Entries supplied:

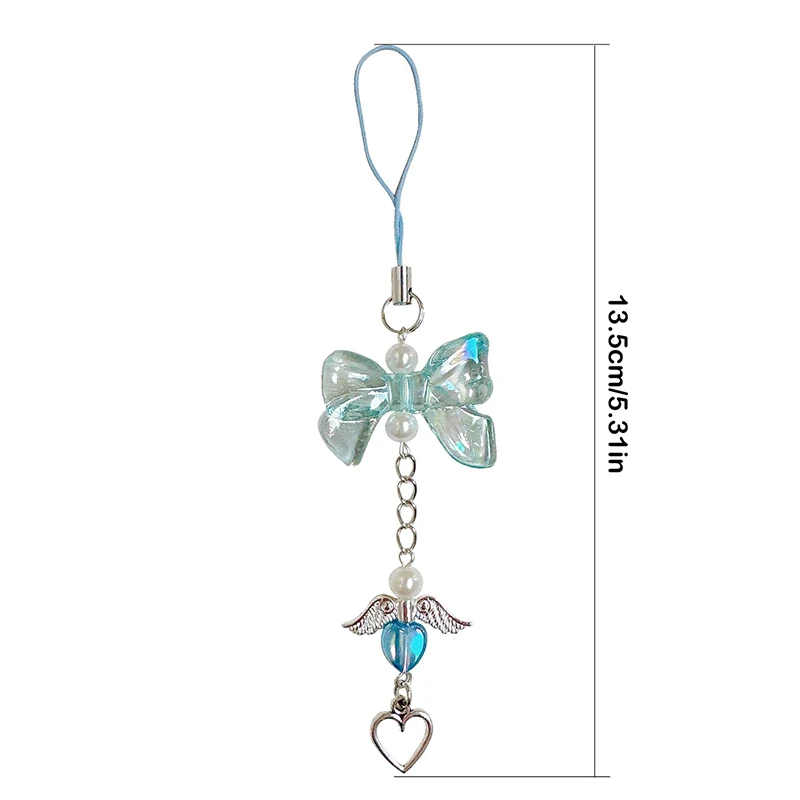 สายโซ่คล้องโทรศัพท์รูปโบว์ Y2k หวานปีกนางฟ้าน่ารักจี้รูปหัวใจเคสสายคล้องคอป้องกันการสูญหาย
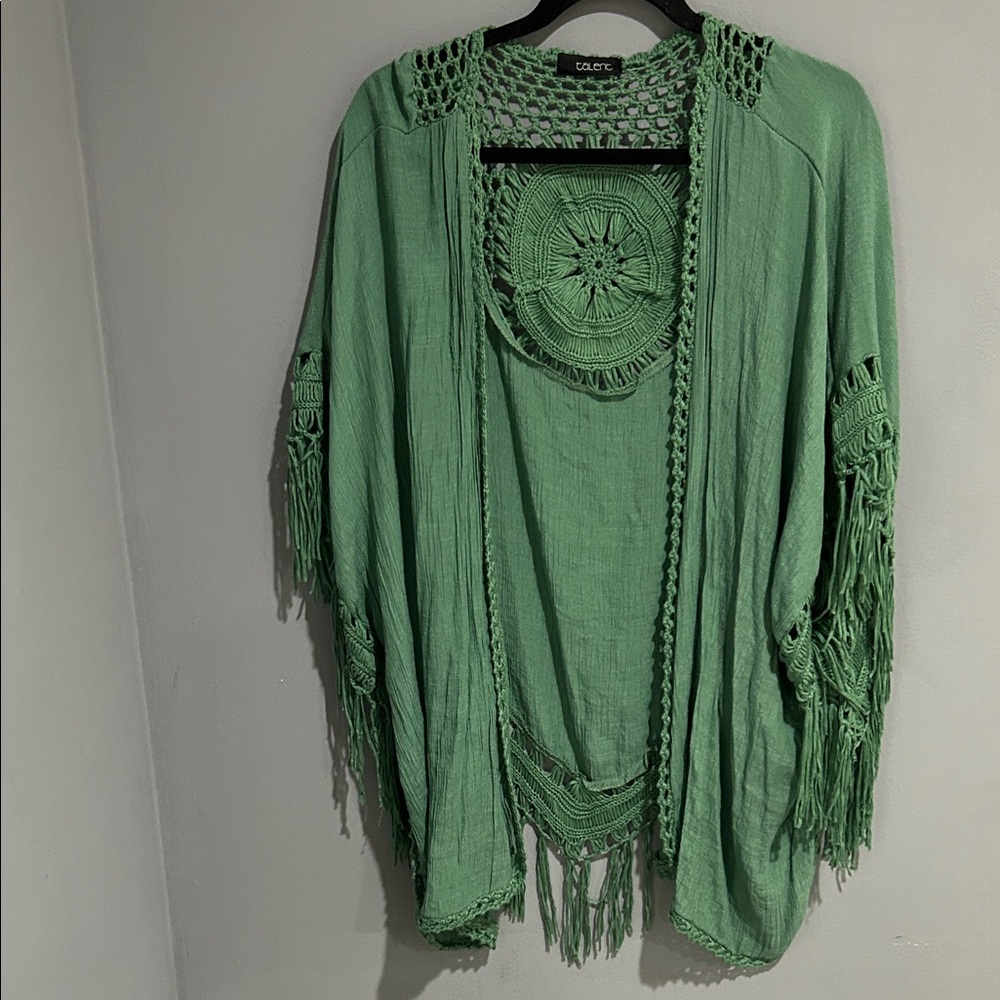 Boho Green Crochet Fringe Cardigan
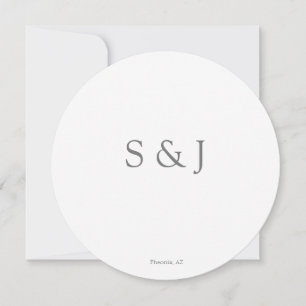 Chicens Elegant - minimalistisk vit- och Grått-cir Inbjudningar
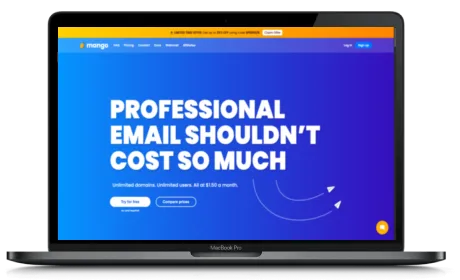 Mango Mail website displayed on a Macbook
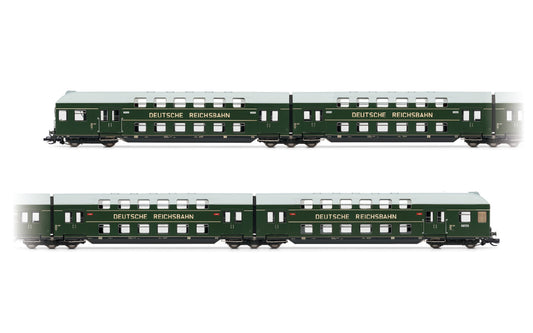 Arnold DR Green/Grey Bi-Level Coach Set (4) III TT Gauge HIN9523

Exercise:
Only the entries themselves should be output, word for word, with all pictures omitted.

Solution:
 สายโซ่คล้องโทรศัพท์รูปโบว์ Y2k หวานปีกนางฟ้าน่ารักจี้รูปหัวใจเคสสายคล้องคอป้องกันการสูญหาย
 Boho Green Crochet Fringe Cardigan
 Chicens Elegant - minimalistisk vit- och Grått-cir Inbjudningar
 Mango Mail website displayed on a Macbook
 Arnold DR Green/Grey Bi-Level Coach Set (4) III TT Gauge HIN9523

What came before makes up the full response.